Michelle Miller and her husband JP are rare birds in a housing market that tends to worship mega square footage: when they bought their worker's cottage on the edge of Kingsland, they were drawn to its "just right" size.
"It was our first home in Auckland, we'd been renting in Pt Chev," says Michelle. "We just stumbled across this place and though it is really basic, it just suited us. The girls were 2 and 1, so the living area was just a good size for kids and adults."
When they bought the square-fronted villa, it had been a rental for many years, with a colour scheme of dark brown and greens, which made the place seem dirty and dark. The backyard was an overgrown jungle, but nine months of slog by the couple revealed a huge, sunny, usable yard.

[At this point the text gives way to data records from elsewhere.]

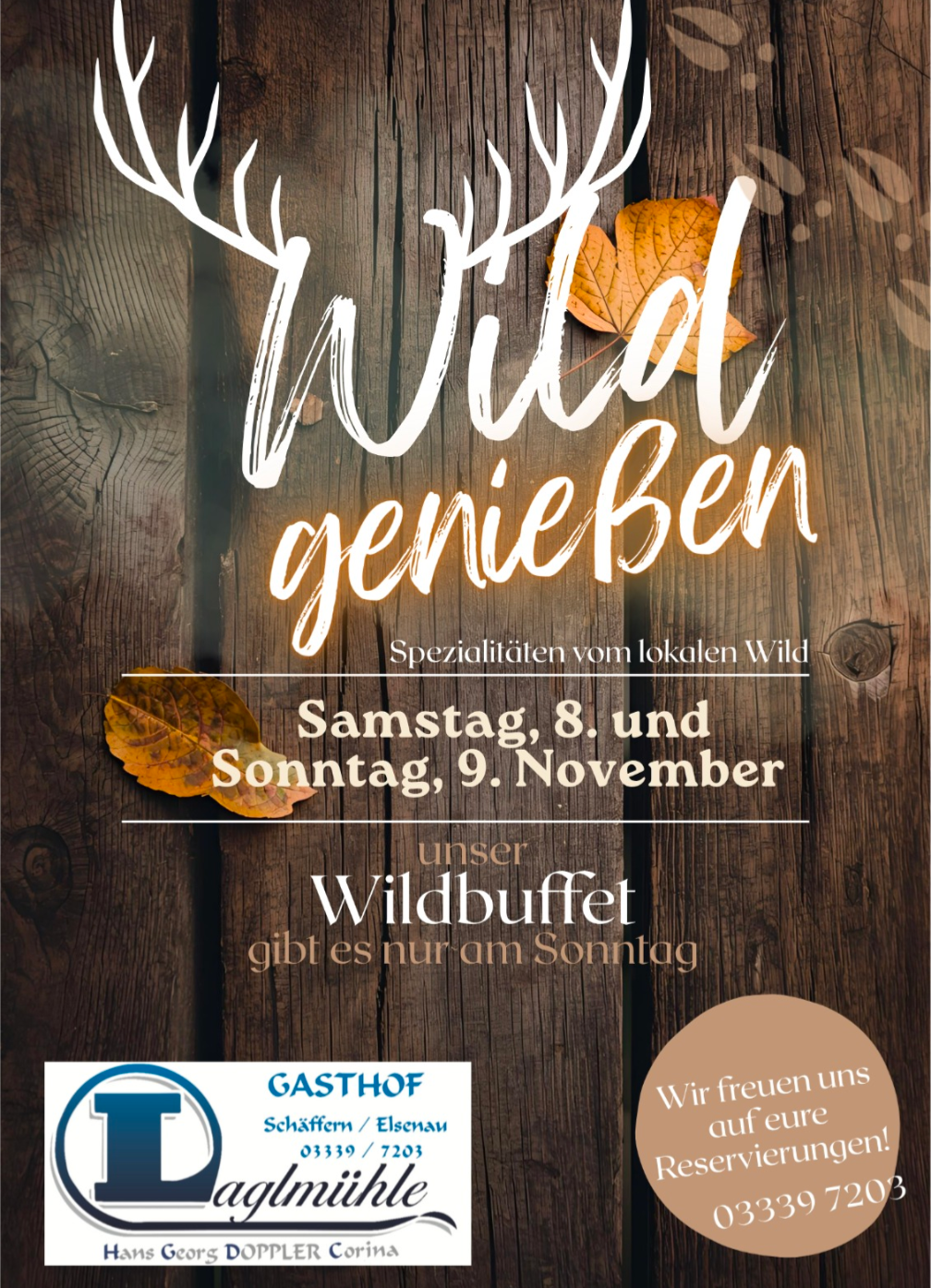 Ein Poster mit einem hölzernen Hintergrund, das den Text 'Wild genieBen' zeigt. Es kündigt ein lokales Wildbuffet am Samstag, 8. November, und Sonntag, 9. November an. Das Poster enthält unten den Namen 'Gasthof'.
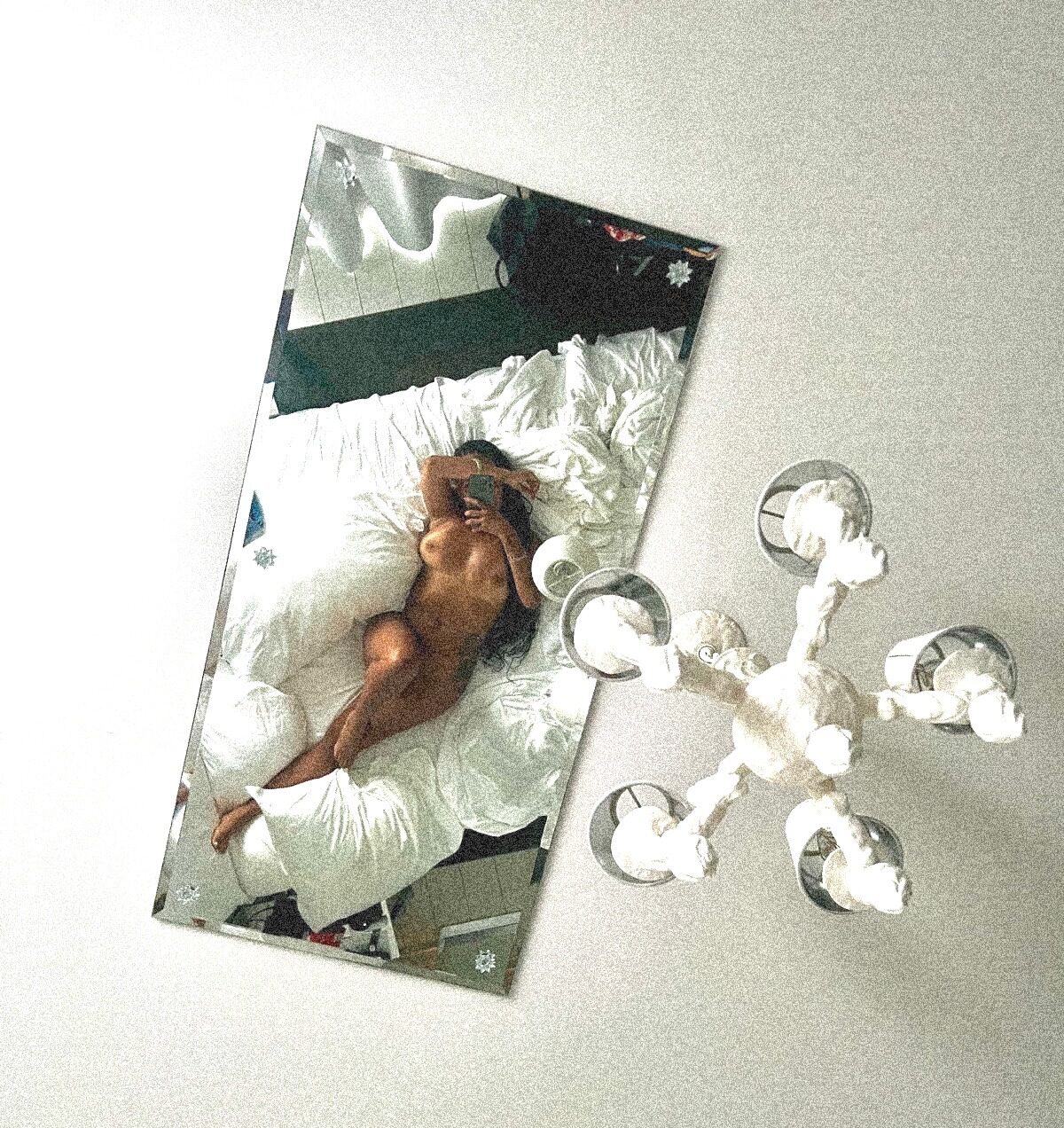 Naked woman ceiling miror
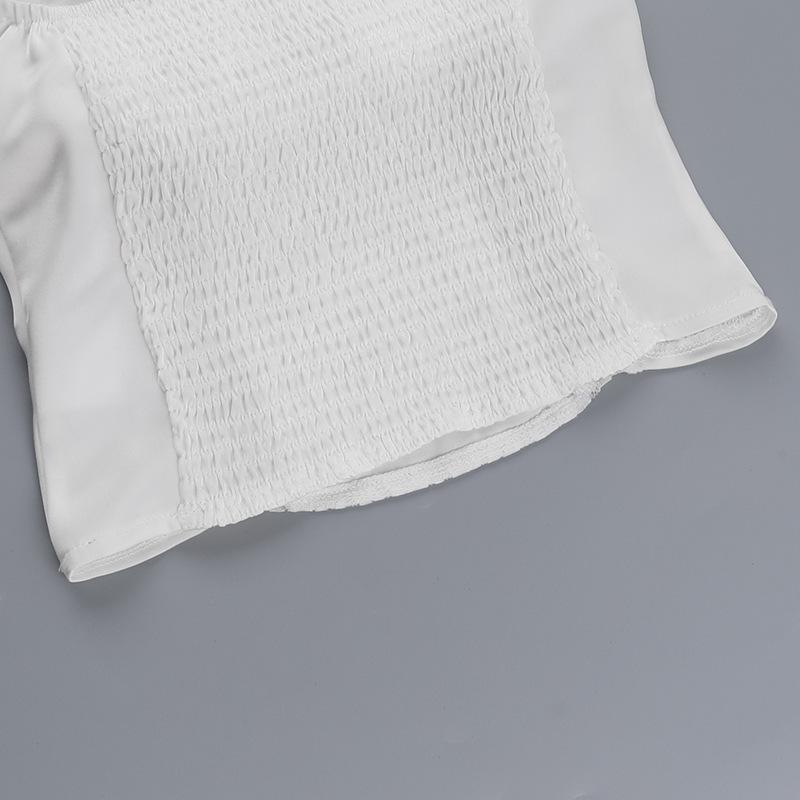 Haut froncé à smocks et ourlet en dentelle à épaules dénudées 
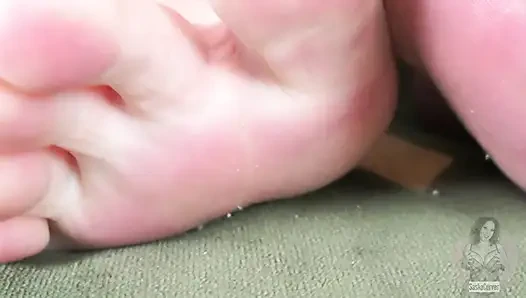 Giantess Colleague Puts You to Work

They weeded and pruned and clipped, installed a new fence and hedges, stained the existing deck that runs the width of the property and then had fun creating a terrific playground for the girls.

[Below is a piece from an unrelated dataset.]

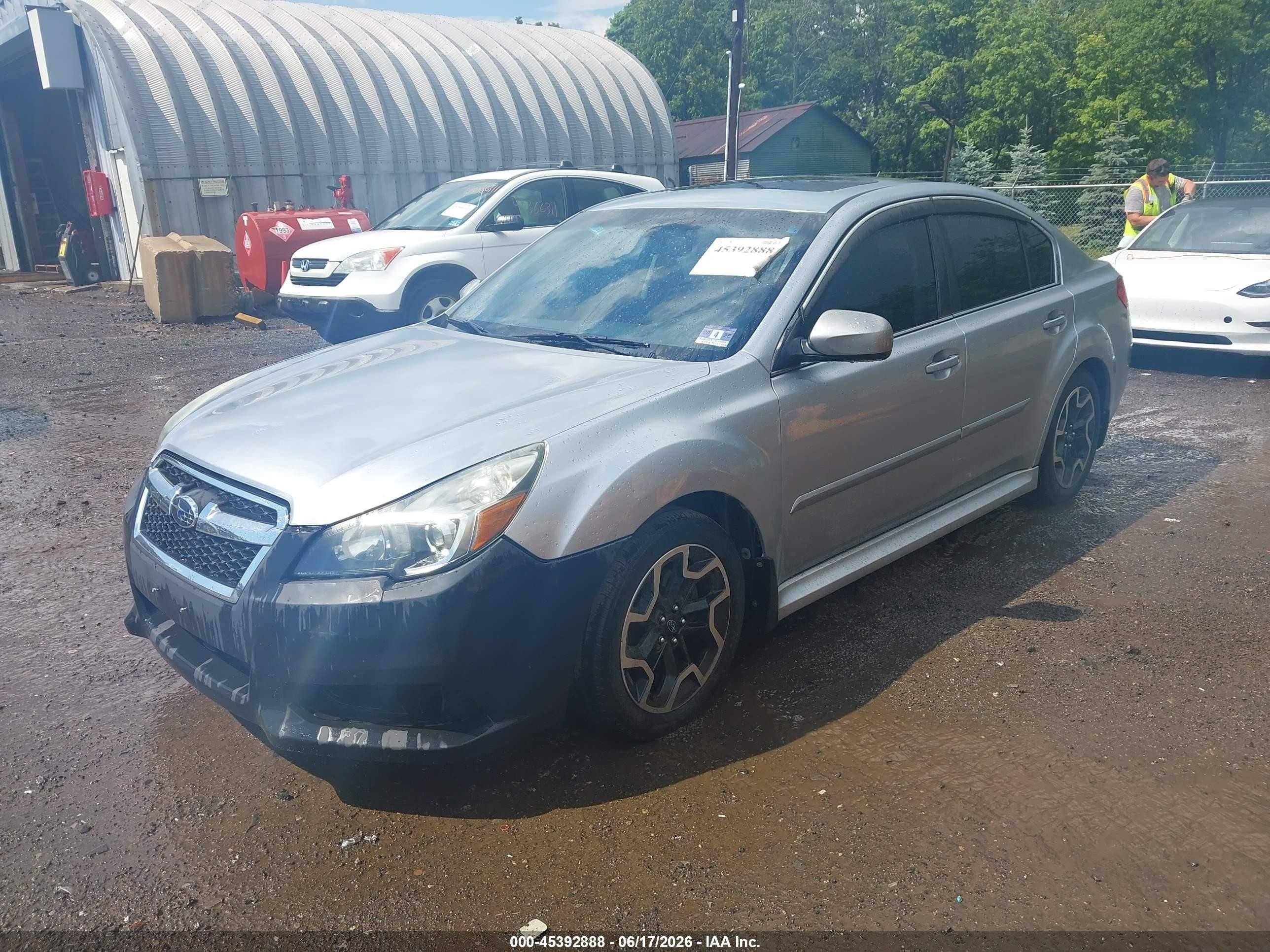 2014 Subaru Legacy 2.5i Premium Silver vin: 4S3BMBD69E3026111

An existing shed was turned into a chook house, a swing hung off the spreading trees, and raised beds were installed for veges.
The couple loved being so handy to town — Kingsland train station is only 900m away, Morningside 600m — there were a variety of schools to choose from (this area is in zone for Mt Albert and city schools) and the charming Kingsland shops, cafes and pubs were an easy walk away; parks too.
The neighbourhood has streets of charming villas and bungalows, some still awaiting gentrification, and views across the valley to Arch Hill and the back of Grey Lynn.
But the couple have been trialling an even more laid-back lifestyle on Waiheke and are selling their city house to commit to island life.
"We'll be sad to let this go, but we're hoping another young family will start their life here, just like we did," says Michelle.
The Millers were lucky that the fabric of the old cottage was still intact, including high ceilings, original doors and sash windows, and had the classic layout of two rooms on either side of the central hallway with open plan living at the back.
There is a charming front door and a traditional glass-paned door to the open-plan area, which was remodelled some time in the early 2000s. So all Michelle and JP had to do was tidy and modernise.
They replaced the roof, removing the chimney of the original fireplace in the front room (its mantel is still there), insulated throughout, rewired and added a heat pump, which now keeps the whole house cosy, as well as carpet in the bedrooms.
Walls were painted crisp whites or greys and a skylight added at the back of the house, but the kitchen and bathroom were kept as they found them.
There are three good-sized double bedrooms, the master with a built-in closet. The black-and-white-tiled bathroom has a vanity made from a Victorian washstand and a clawfoot bath tub, both updated by the family in crisp black and white. There's a shower too, as well as a well-fitted-out laundry in a cupboard in this room.
The open-plan living room and kitchen has been much loved by the couple, their kids and friends. Michelle and JP love to cook, so the generous u-shaped bench is perfect for prep and serving while friends perch on the bar stools.
There's room for a dining table, although in the summer it does tend to get moved around — either to the northeast-facing back deck or out to the front porch, where wisteria and a high front fence create privacy but diners can enjoy the setting sun.
The house is the gathering point for friends heading to Eden Park, but has also been a great entertaining spot for kids.
The garden is big enough for loads of running around (there are secret gates between the neighbours to allow kids to slip back and forth, in true old-school style) but it could fit a pool if the next owners wanted.